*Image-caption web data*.
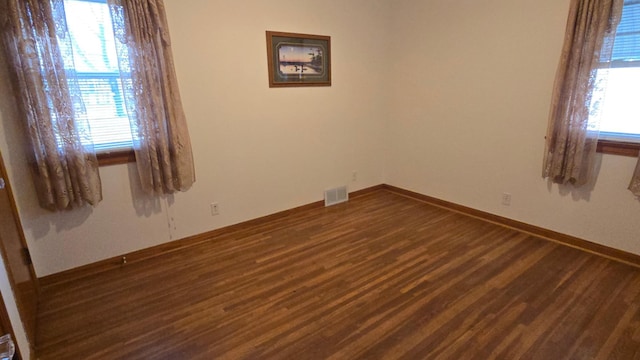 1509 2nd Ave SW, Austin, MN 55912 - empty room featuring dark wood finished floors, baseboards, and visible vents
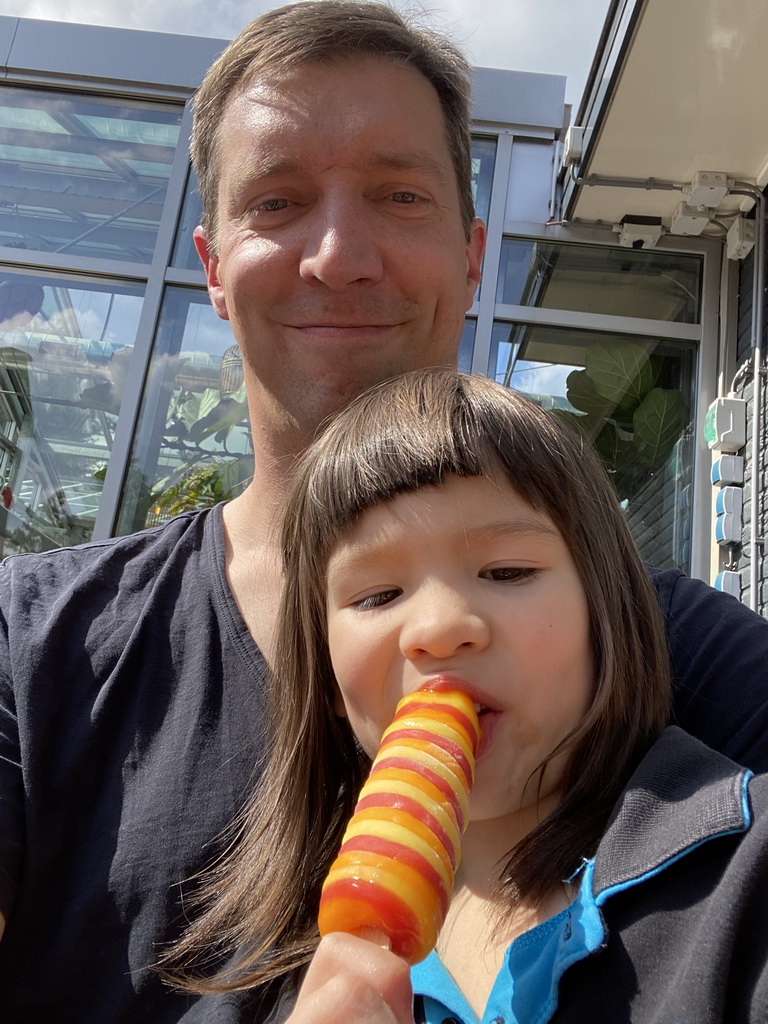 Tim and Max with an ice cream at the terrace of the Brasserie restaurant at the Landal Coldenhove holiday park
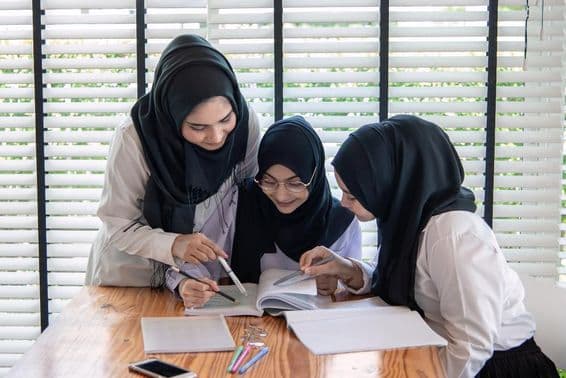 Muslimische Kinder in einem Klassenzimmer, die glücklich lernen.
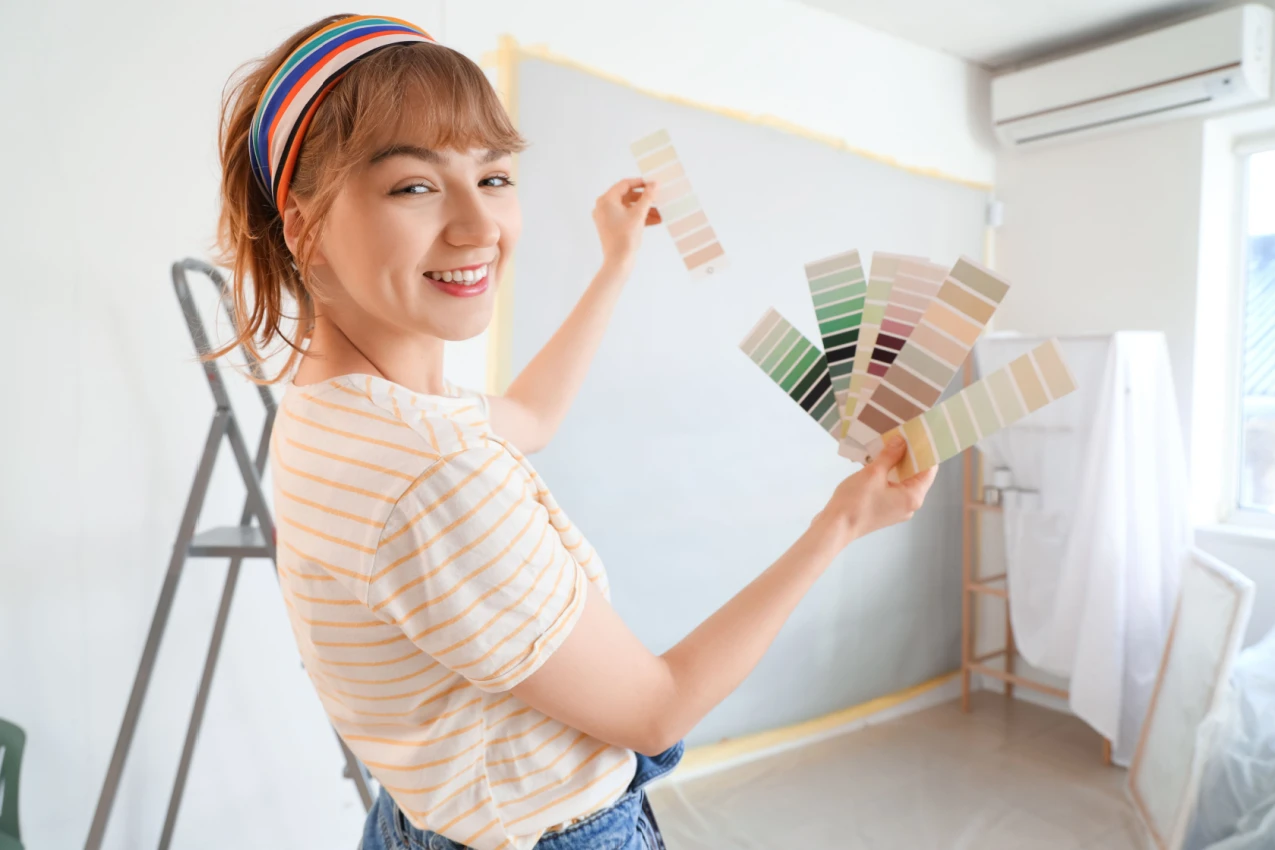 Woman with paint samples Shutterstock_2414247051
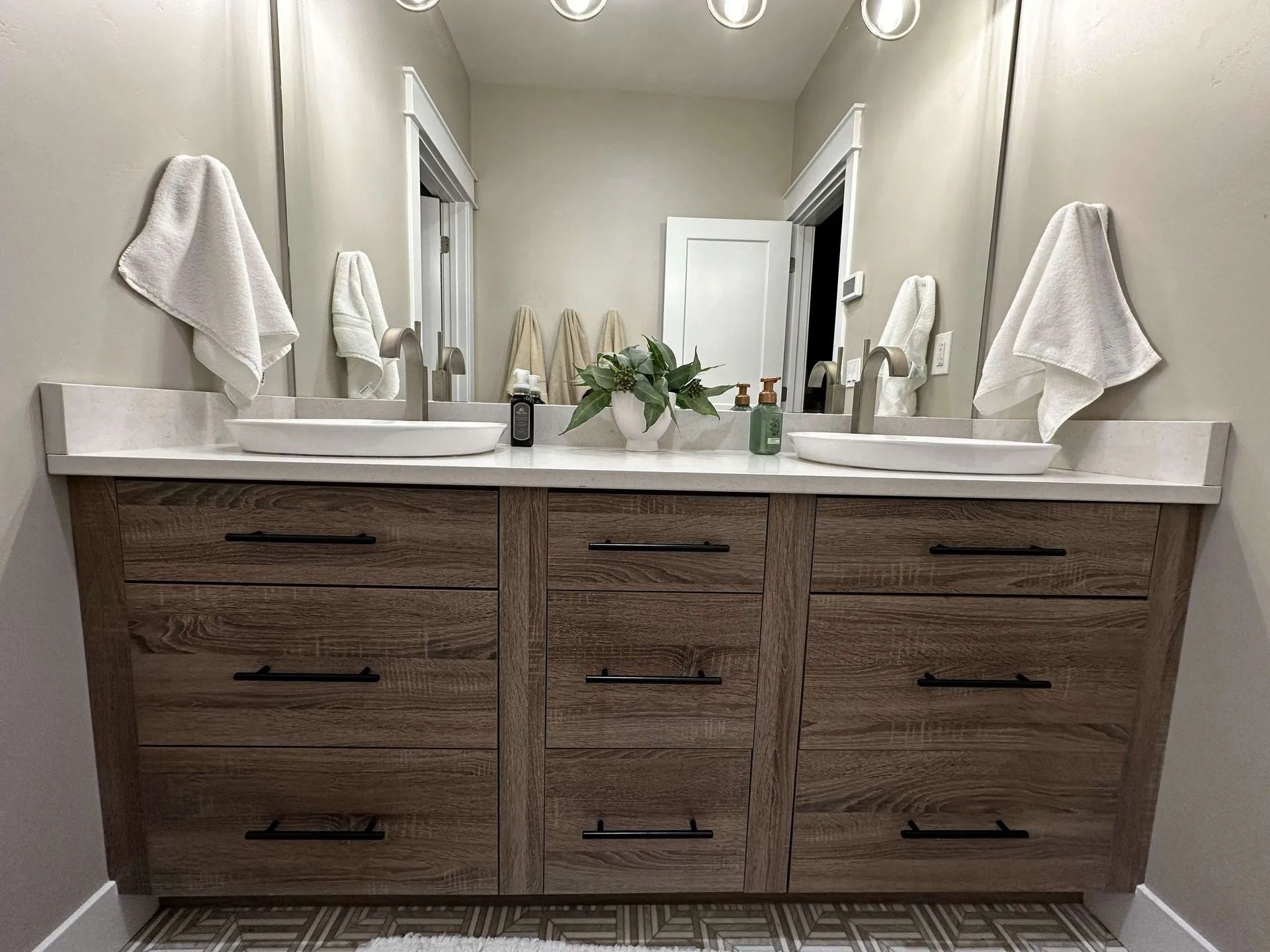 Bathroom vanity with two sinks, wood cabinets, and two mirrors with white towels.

*ACTION ITEM*. Return every entry above word for word, leaving pictures out.

*TASK OUTPUT*.
 1509 2nd Ave SW, Austin, MN 55912 - empty room featuring dark wood finished floors, baseboards, and visible vents
 Tim and Max with an ice cream at the terrace of the Brasserie restaurant at the Landal Coldenhove holiday park
 Muslimische Kinder in einem Klassenzimmer, die glücklich lernen.
 Woman with paint samples Shutterstock_2414247051
 Bathroom vanity with two sinks, wood cabinets, and two mirrors with white towels.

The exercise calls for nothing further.